Increased employee hygiene and manufacturing processing has also become more important, going beyond just handwashing. Dibennedetto says Mountain States has employees using the handwashing station every 20 minutes and also cleaning the utensils.
Government supervision
The government doesn’t just stand by as companies take these measures to ensure food safety. Both Tyson and Mountain States say that the USDA inspects each company’s facilities on a regular basis. Mickelson says for the four Tyson plants that aren’t covered by the USDA, the Food and Drug Administration ensures the hygiene. Dibennedetto adds that the USDA is currently testing their facility for Salmonella to help establish an industry baseline.
“Because of the increased consumer illnesses this year and the largest recalls in history for E. coli O157:H7, our raw materials are under very strict scrutiny,” Dibennedetto says. “We ourselves have decided to do what is known as a positive release program for all of our ground veal and beef products.”
Being proactive
Being proactive in hygiene has led both Tyson and Mountain States to do much of the needed testing at their own facilities.
“Our Food Safety and Laboratory Services Network is recognized throughout the industry as a research leader in serological testing, food chemistry, microbiological testing and food-safety research,” Mickelson says. “Our award-winning network is composed of 18 company-owned and operated laboratories across the country, including a 25,000-square-foot food testing and research laboratory in Springdale, Ark., where the company is based.”
In addition to those facilities, Tyson also has 58 quality-assurance laboratories at its plants. Its plants receive routine internal quality assurance and food-safety assessments. The assessments are conducted by quality-control managers and focus on critical food-safety elements, sanitation performance, company policy adherence and regulatory compliance. This in addition to periodic independent third-party audits of their food-safety systems.
“These reviews, conducted by or on behalf of our customers, are performed by nationally recognized independent auditing firms,” Mickelson says.

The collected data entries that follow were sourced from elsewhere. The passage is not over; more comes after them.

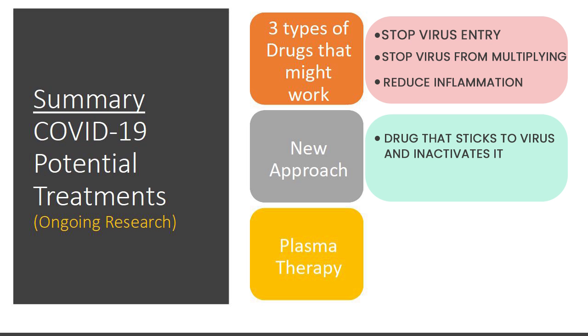To summarize, the COVID-19 potential treatments being studied include three types of drugs: ones which stop virus entry, a second type which stops the virus from multiplying after entering the cells, and a third type to reduce inflammation. The new approach discussed is a drug — APN01 — that sticks to the virus and inactivates it. The last approach is plasma therapy, which involves the use of human antibodies from donors who have recovered from the virus.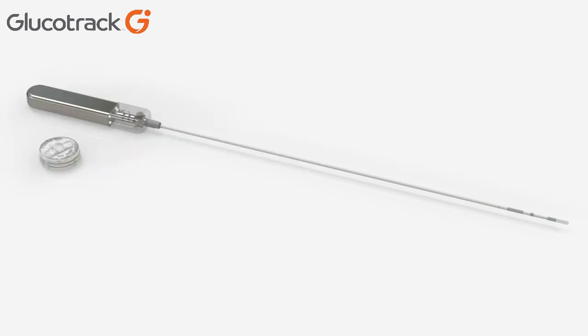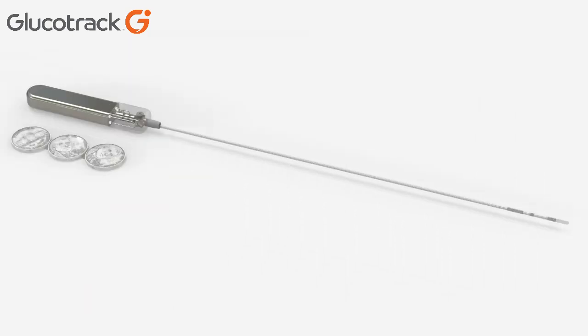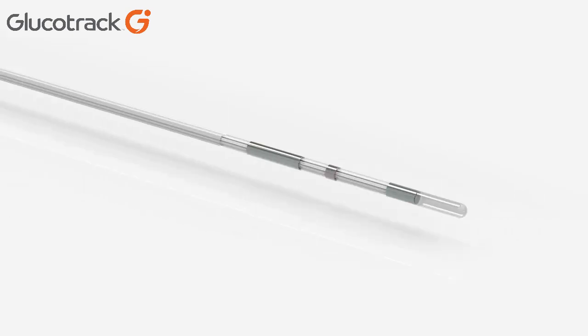The placement procedure is an existing outpatient procedure performed under local anesthesia in a cardiac catheterization lab, or cath lab as it's called. The placement procedure takes approximately 20 minutes and only requires a small half-inch incision. The study includes patients with type 1 and type 2 diabetes requiring glucose monitoring and intensive insulin therapy.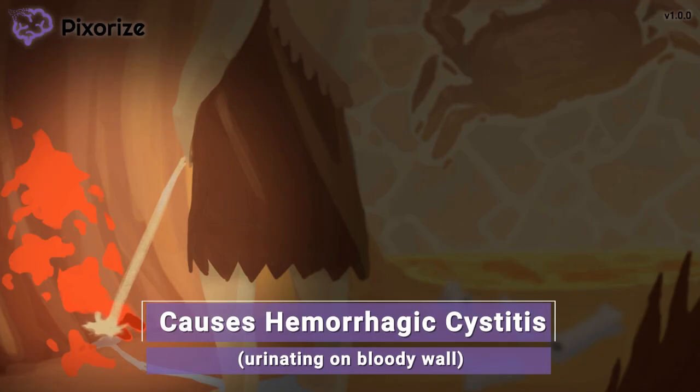Hemorrhagic cystitis is just another way to say bladder damage causing bloody urine — urinating on a bloody wall for blood in the urine. It's pretty common for patients taking these drugs and is usually not life-threatening. It can usually be treated or prevented by drinking plenty of water.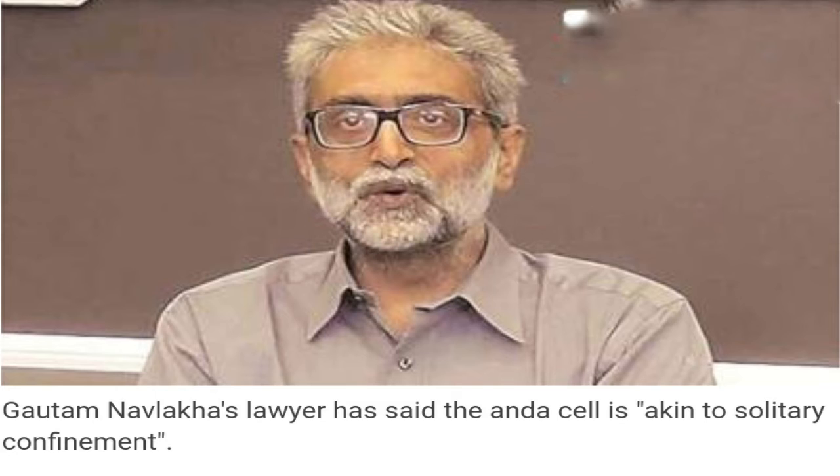Does Anda cell mean solitary confinement? A former additional director general of prisons in Maharashtra told the Indian Express that an Anda cell cannot be called solitary confinement, but it is the most isolated cell in any central prison. Isolation cells have bigger courtyards and are open from view, providing enough sunlight. The Anda cells usually have two wings and are covered with iron rods from above.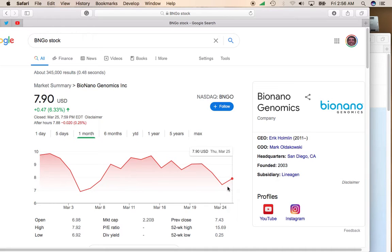The Russell 2000 did have a big recovery day yesterday, moving up over 2%. I think this trend is going to continue, and we're going to have a really nice rally in April. Because of that, you want to take a look at some more speculative or growth stocks, and I think BioNanogenomics is probably one of the best speculative growth stocks to hold.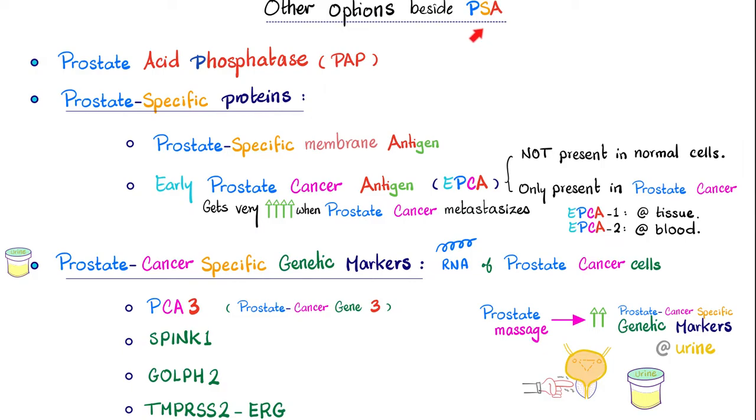Prostate-specific antigen is not the only game in town. We have many tests to help us diagnose prostate cancer, and they include prostate acid phosphatase, prostate-specific proteins like the prostate-specific membrane antigen, and early prostate cancer antigen — that's today's topic. We also have prostate cancer-specific genetic markers such as PCA3, which stands for Prostate Cancer Gene 3, SPINC1, GOLF2, and TMPRSS2ERG.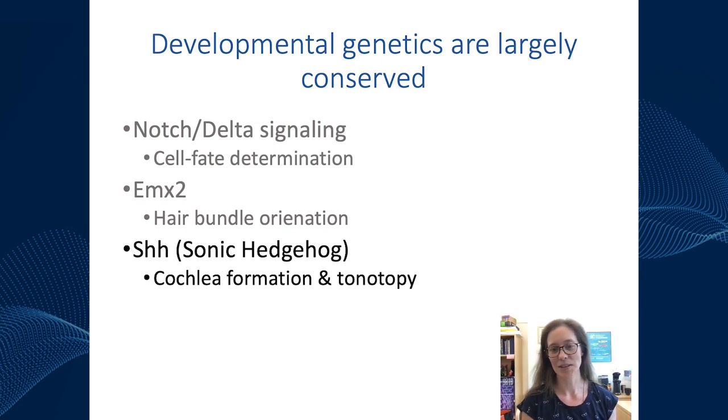As one last example, sonic hedgehog is involved in cochlear duct formation and tonotopy in zebrafish ear development. However, if you want to study genes specifically involved in these processes, zebrafish may not be the best developmental model since zebrafish don't have a cochlea and there is not a lot of known tonotopy in the system.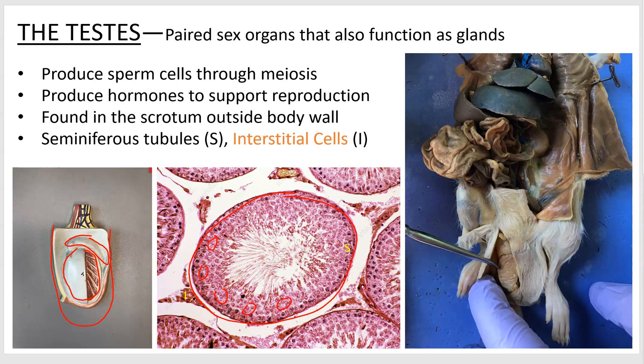Outside of the seminiferous tubules — like here, there, and there — are patches of cells called interstitial cells. Interstitial cells are the ones that are going to be making your testosterone.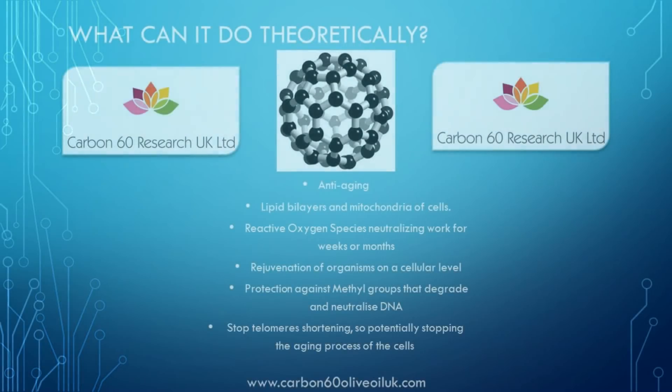I'm going to focus briefly on some of the major theories of how C60's anti-aging effects work. One theory is that C60 remains in the lipid bilayers of the cells and mitochondria, negating the effects of oxidation for weeks or months.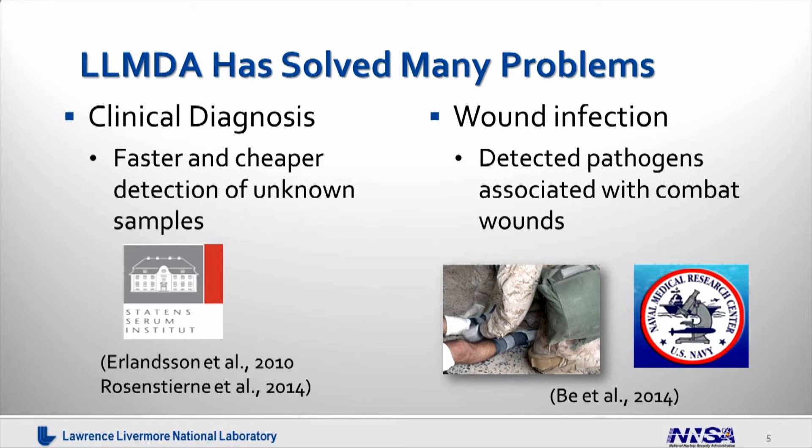Our next example is in clinical diagnosis. We have analyzed a variety of different samples to rapidly analyze viral and bacterial infections. One successful example is our collaboration with the Statham Serum Institute. We analyzed a variety of different human viral infections such as herpes virus, papilloma virus, and hepatitis virus, and also emerging viruses — those we don't normally see in the United States or Europe, but more commonly found in other parts of the world, such as Lassa virus, Ebola virus, etc. This technology can really analyze all pathogens in a single test, bypassing hundreds to thousands of PCR assays.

Mountain States, a lamb producer, tests its carcasses for E. coli to verify that its primary ingredient is being handled in a safe and sanitary manner.
Areas of concern
“I think a major concern in the RTE arena is the number of immunocompromised individuals in the general population,” Dibennedetto says. “Most companies in their HACCP plans state that their products are for the ‘General Population.’ However, the general population is no longer able to take small amounts of microorganisms that the healthy general population could take.”
Kenneth Marsh, Ph.D of Central, S.C.-based Kenneth S. Marsh and Associates, says that the processer can take care of the hygiene of products going out the door. After that, consumers have a responsibility of handling it properly.  
“The processor doesn’t really have control over that except [informing] the consumers, and they’re increasingly doing that,” he says.
Processors are taking increasing action to ensure safety and counteract the perception the public has after recalls over the past year.
“[There has been] stricter adherence to good manufacturing practices and an overall move to best practices,” says Dibennedetto. “More frequent product and environmental testing validate [that] our programs are working.”
Processors like these are ready for the challenges in today’s marketplace. Effective and consistent monitoring of lines are done by companies to ensure the safest products for consumers.